To achieve these, we’ll need to understand core components and techniques used to build such a store:

  • Data partition
  • Data replication
  • Consistency
  • Inconsistency resolution
  • Handling failures
  • System architecture diagram
  • Write path
  • Read Path

Data partition

We’ve already discussed data partition in the previous chapter. If you’d like, read on that there.

The short story is that we define the data across multiple servers with abstract, virtual nodes, based on hash key. This allows for more even data distribution and trustworthy system. It will also immediately solve scalability as we can add or remove servers as we go.

Data replication & Inconsistency

So, we want to have high availability and consistent data. But what if one of our servers goes down? If we remove it, we’ll just shuffle the data around, but what if a server will go down unintentionally, we could lose some data. To deal with that, we’ll need to do replication.

We already know that:

  • Key-Value stores use hashes to store data
  • Hashes are defined so that they can be stored in a “Hash circle”
  • Hash circle defines hash ranges upon which it stores data

To remind ourselves, let me put the virtual node ring distribution:

Ring distribution

Now, consider that data is stored to the Node 3 in top right corner. Now, if the Node 3 server fails, it means all red nodes are removed. So, for better reliability, we’d replicate the data to the nearest Nodes. How many replicas do we create? Well, it depends on the tradeoff we want.

  • The more replicas we create, the more reliable the system is
  • The more replicas we create, the less available the system is

Usually the replicas are not added everywhere, but to a couple nearest nodes. If we replicated to all other nodes, then everything would have all data and it would be slow.

Let’s put a couple definitions here to understand this better:

  • N is the number of replicas
  • W is the number of write operations. A write operation is successful when it was acknowledged by W replicas.
  • R is the number of read operations. A read operation is considered successful when R replicas have acknowledged it.

This is called Quorum Consensus

So, if the number of replicas is 3, then when we perform a write operation, it’s sent to 3 servers.

  • If W is one, it means that write operation is performed on all 3 replicas, but it cares only about a single response
  • If R is one, it means read operation is performed on all 3 replicas, but it only cares about a single response.

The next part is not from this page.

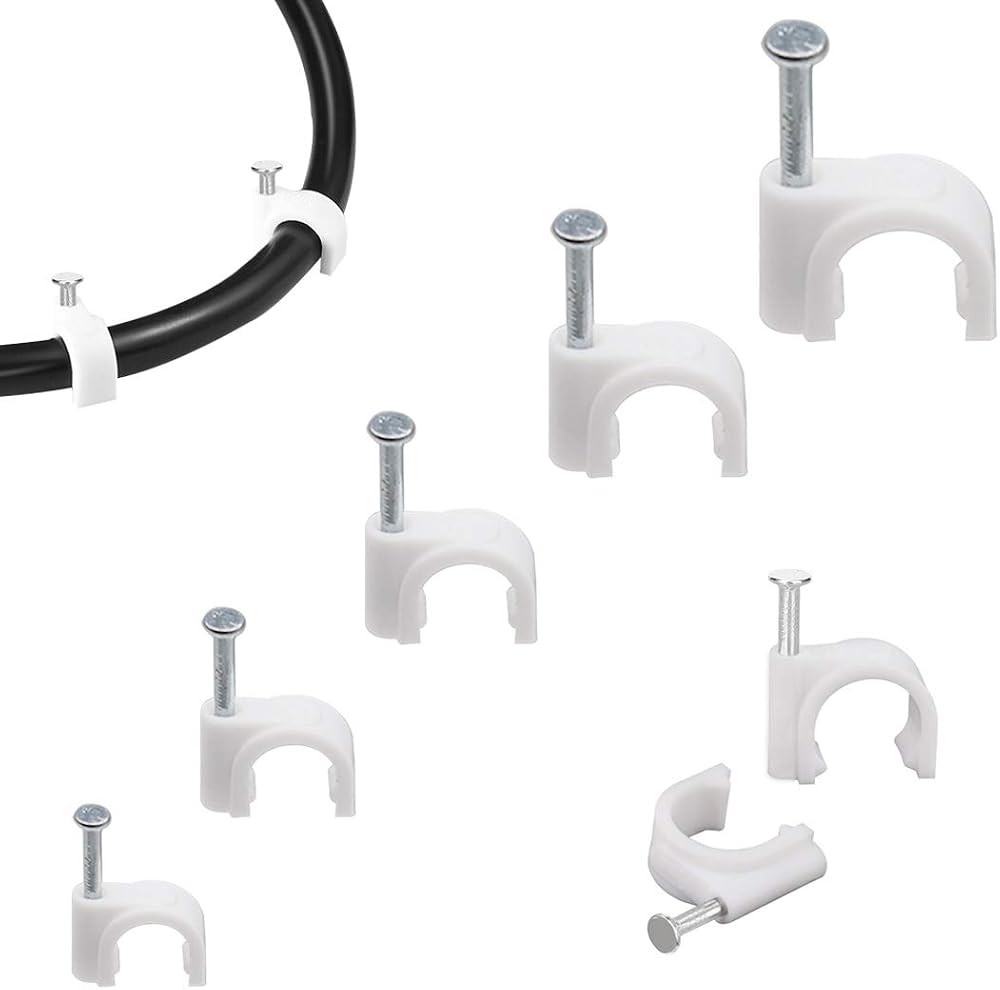 WEERSTONE 500pc White Round Cable Clips 5-10mm Nail Wire Management for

What does it mean? Well, we are going to write to 3 different key-value stores (or rather, a distributed key-value store). If we’d wait for all of them to acknowledge the operation, it might take some time, but the latest data is on multiple nodes.

We could simplify this to:

  • If R = 1 and W = N, then the system is optimized for fast read
    • We care about the first read response, we don’t care about all servers together
  • If R = N and W = 1, then the system is optimized for fast write
    • Once the first write is successful, we go back to working state. But for reading, we need all replicas responses
  • If W + R is greater than N, strong consistency is guaranteed
    • If there are 3 replicas and we wait for 2 writes to finish, we wrote the data to multiple sources and we know it is consistent
    • If there are 3 replaces and we wait for 2 reads to finish, we got result from multiple sources and we know it is consistent
  • If W + R is less than N, we can’t confirm strong consistency

So, again, the number of replicas and read/write operations on multiple sources are tools we can use to achieve consistency, but it’s a tradeoff with latency.

Going further, we can define 3 consitency models here:

  • Strong consistency - Any read operation returns value corresponding to the latest write. No stale data.
  • Weak consistency - Subsequent reads may not be the most up-to-date. Stale data are possible
  • Eventual consistency - A form of weak consistency. With time, all updates are propagated and all replicas are consistent.

The strong consistency, as mentioned before, will not accept additional reads/writes until all replicas have latest data (W = N).

The weak consistency is again flipped around. These can be for fast reads.

With the eventual consistency, we’ll again return stale data. However, we will have to perform inconsistency resolution. One of the techniques we can use is versioning.

Consider the following example:

  • A user opens an application and changes his name.
  • At the same time, the user changes his name from his mobile phone.

Now, both can hit different servers and both think their update is the correct one. A vector clock is a common technique used here.

In short, a vector clock is a (server, version) pair. Basically, whenever a data is saved, we’ll also save information about which server it’s been saved to, and what version of the datum it is.

  • If only one server exists, every version would be simply increment of the previous version
  • If multiple servers exist, then the clock value would increment the last version corresponding to the server.
  • If the entry does not exist yet, create it with version 1

So, with the original example, if it would be on a single server, then there is no inconsistency - last to be processed is the last one. However, with multiple servers, we don’t know which is the last one when we replicate the data.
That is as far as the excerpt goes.